In Jeff Wooldridge's Econometric Analysis (2nd edition), he derives the expression for the difference-in-difference-in-differences (DDD) estimator on page 151 for the two period case where state B implements a health care policy change aimed at the elderly.

First, I am puzzled by why the equation (6.56) does not have a fourth term of $$(\bar y_{A,N,2} - \bar y_{A,N,1}),$$

which would correspond to the change for the mean health outcomes for the non-elderly (group N) in the states that do not change their policy (group A).

He cites Gruber (1994) as using this method, but my reading of table 3 in that paper is that it is a difference of two DDs, so you need the fourth term to have that (otherwise you get $\delta_3 + \delta_0$ instead of just $\delta_3$).

I have already checked the errata for the second printing, and this did not come up, so I must be missing something here. It also appears in his 2007 NBER lecture notes in the same form.

My second question is that in the case with more than two time periods, JW suggests a regression that includes:

• a full set of dummies for type of state (A or B)
• a full set of dummies for age category (E or N)
• dummies for all time periods
• pairwise interactions between the previous three
• a policy dummy that takes the value of 1 for groups and time periods subject to the policy, which is the DDD parameter of interest

JW writes "full sets of dummies" and "all time periods", but I am not sure how that can be done without falling into the dummy variable trap. It might seem natural to drop the type A state one and the non-elderly one (group N), but say I have 10 time periods, and treatment happens in period 5. How does one pick which time dummy to drop to avoid the dummy variable trap? This choice seems to alter the DDD parameter and its interpretation, but I not sure if one is best. Here's another question where there's a natural choice because there's a single pre period that serves as the baseline.

Finally, what exactly is the identifying assumption with DDD, analogous to common trends with plain DD? Are there any ways to test/bolster it with multiple periods?
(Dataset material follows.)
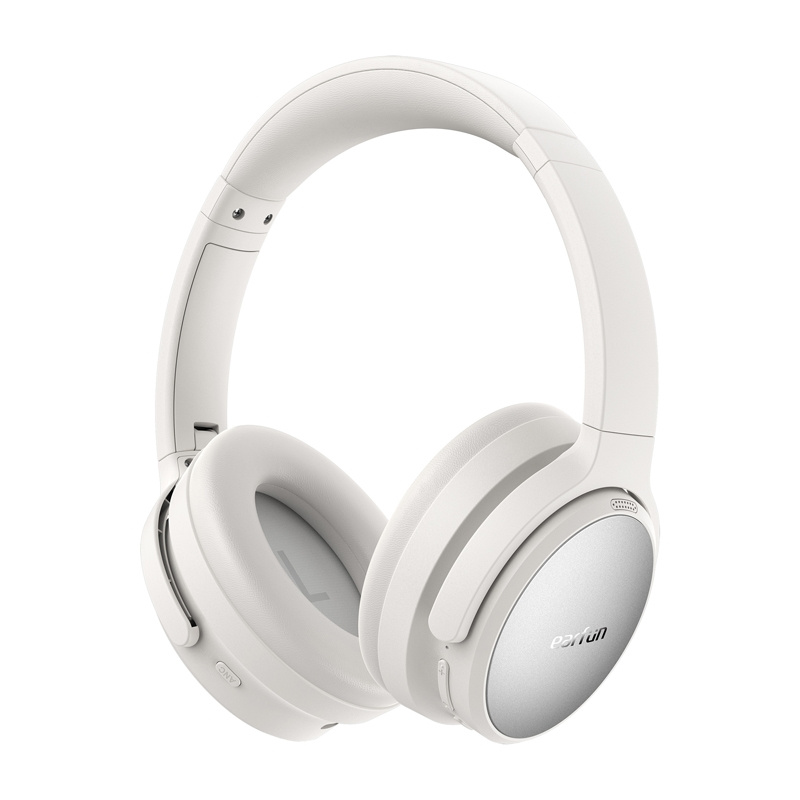 Earfun Tune Pro bežične slušalice (bijele)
In Myoung-jae Lee's Micro-Econometrics for Policy, Program, and Treatment Effects, the condition (translated into JW's example) is listed as

$$\delta_3 + E[u_{1,2} - u_{0,1}\vert E=1,B=1]-E[u_{0,2} - u_{0,1}\vert E=1,A=1]-{E[u_{0,2} - u_{0,1}\vert N=1,B=1]-E[u_{0,2} - u_{0,1}\vert N=-=1,A=1]},$$ where the first subscript indexes the potential outcome (1 treated, 0 if not) and the second is time (post is 2, pre is 1). I interpret this as saying that as long as the change in unobservables over time for the elderly in the treated state compared to the elderly elsewhere is similar is magnitude to the same quantity for the non-elderly, then the DDD identifies the correct effect. This seems weaker than common trends, which would be sufficient, but not necessary for DDD. Is this correct?